# [Task]
With all images omitted, write out the records word for word.

# [Input data]
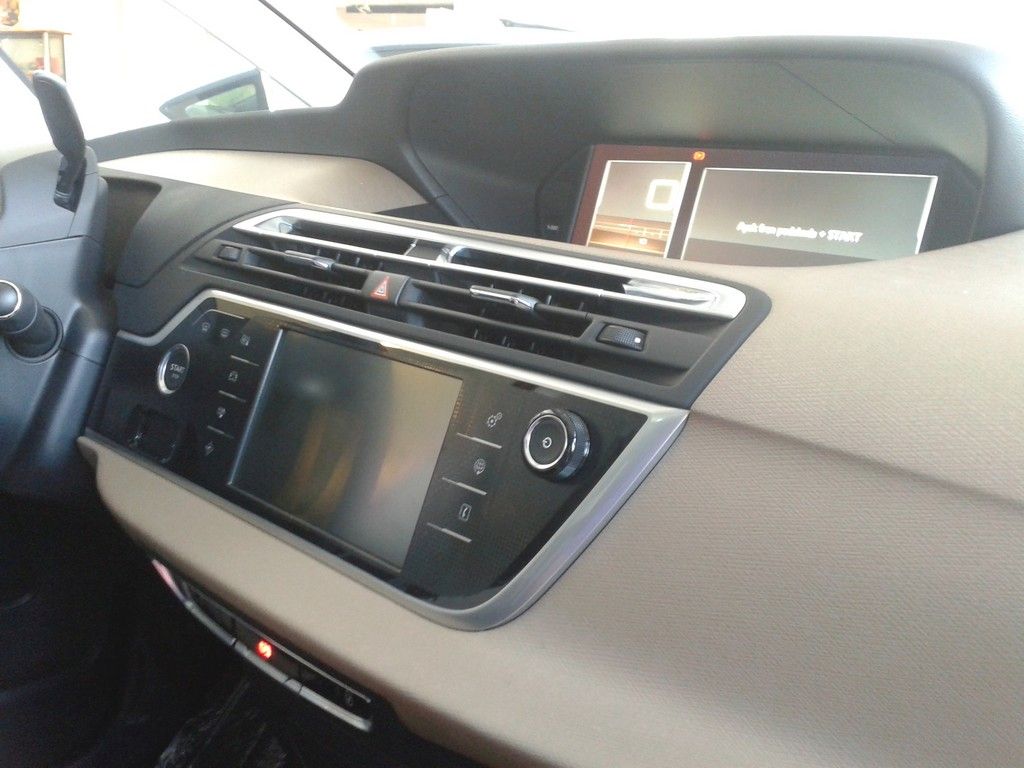 YEN CTROEN C4 PCASSO SATITA RESM GALERS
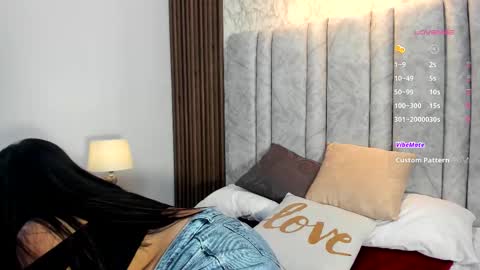 Snapshot of tifany__ross chatting on 11-14-25, 08:07 Tiff3 online show from 11-14-25, 08:07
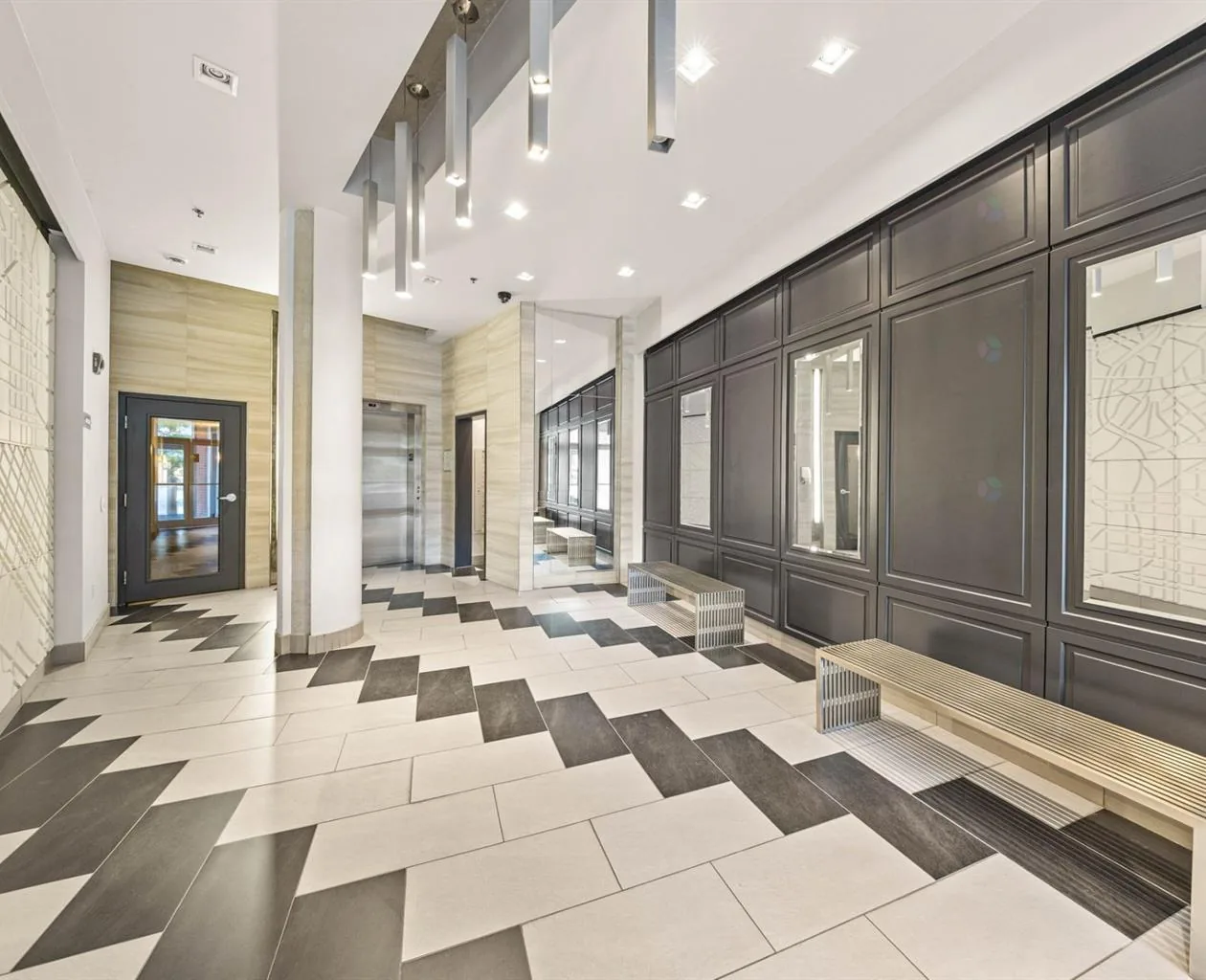 5360 Sherbrooke Ouest, App. 309A — 4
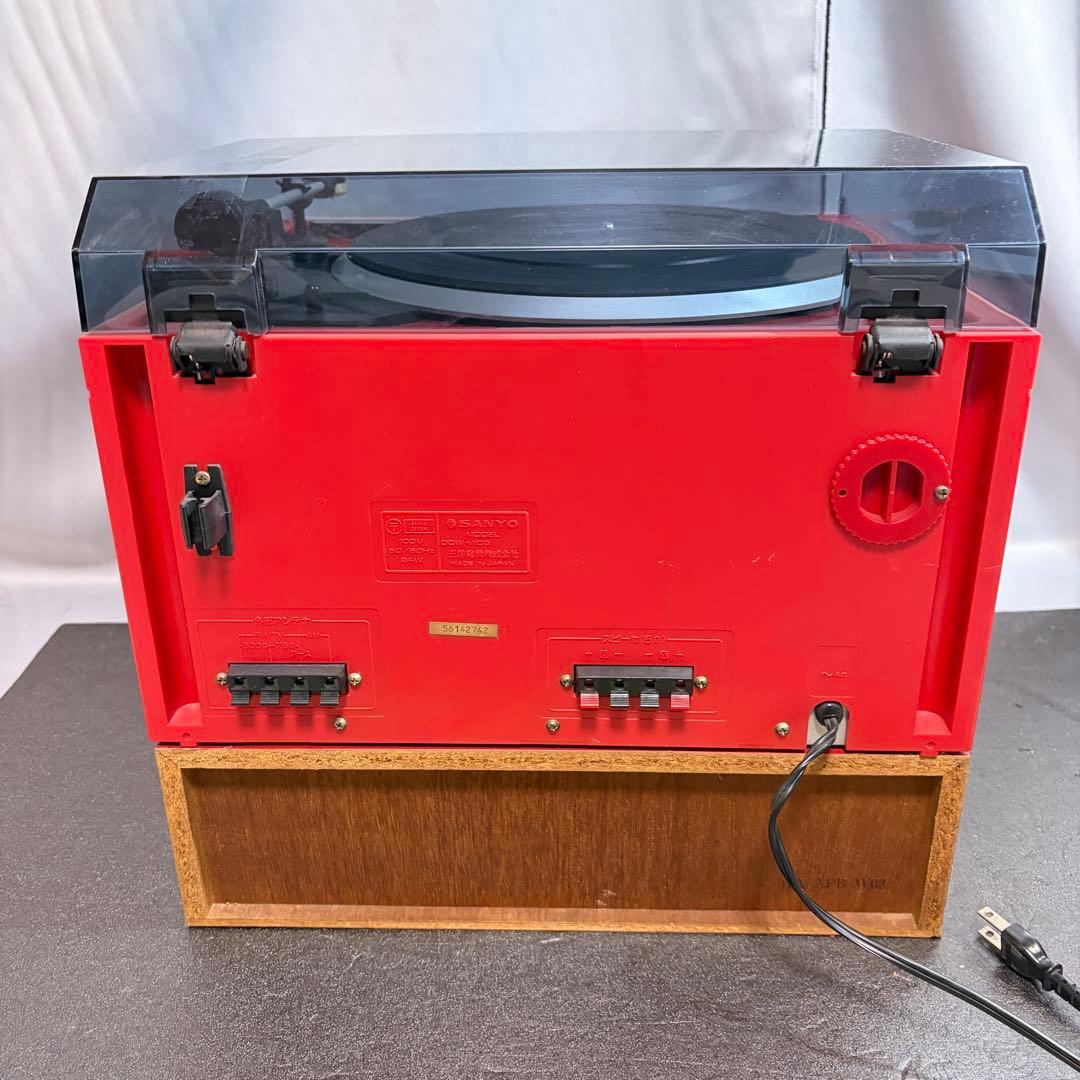 SANYO DCW-W03 コンポ テープカセット レコード 昭和レトロ 赤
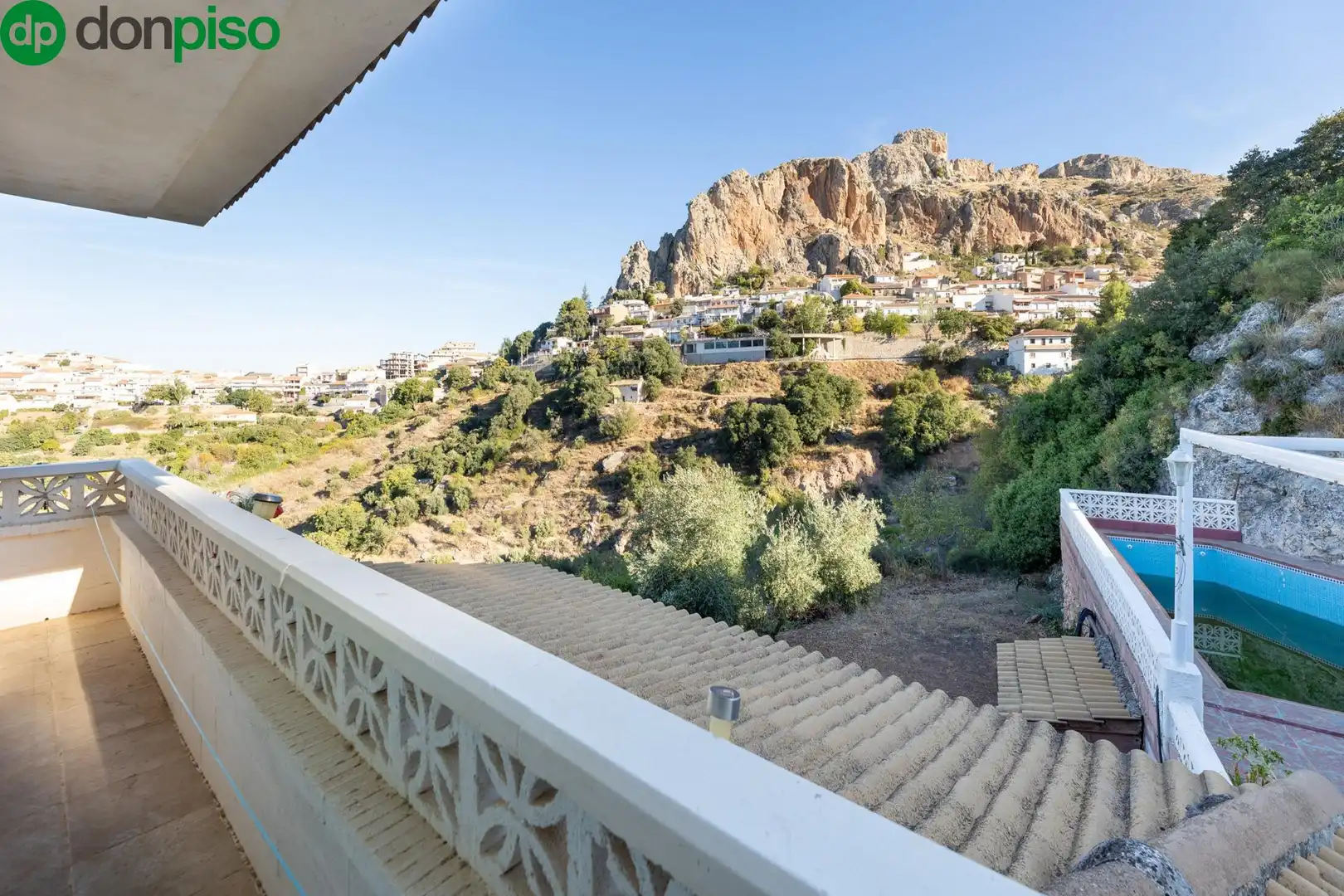 Houses for sale in Calle EXTRARRADIO, Cogollos de la Vega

# [Exercise output]
 YEN CTROEN C4 PCASSO SATITA RESM GALERS
 Snapshot of tifany__ross chatting on 11-14-25, 08:07 Tiff3 online show from 11-14-25, 08:07
 5360 Sherbrooke Ouest, App. 309A — 4
 SANYO DCW-W03 コンポ テープカセット レコード 昭和レトロ 赤
 Houses for sale in Calle EXTRARRADIO, Cogollos de la Vega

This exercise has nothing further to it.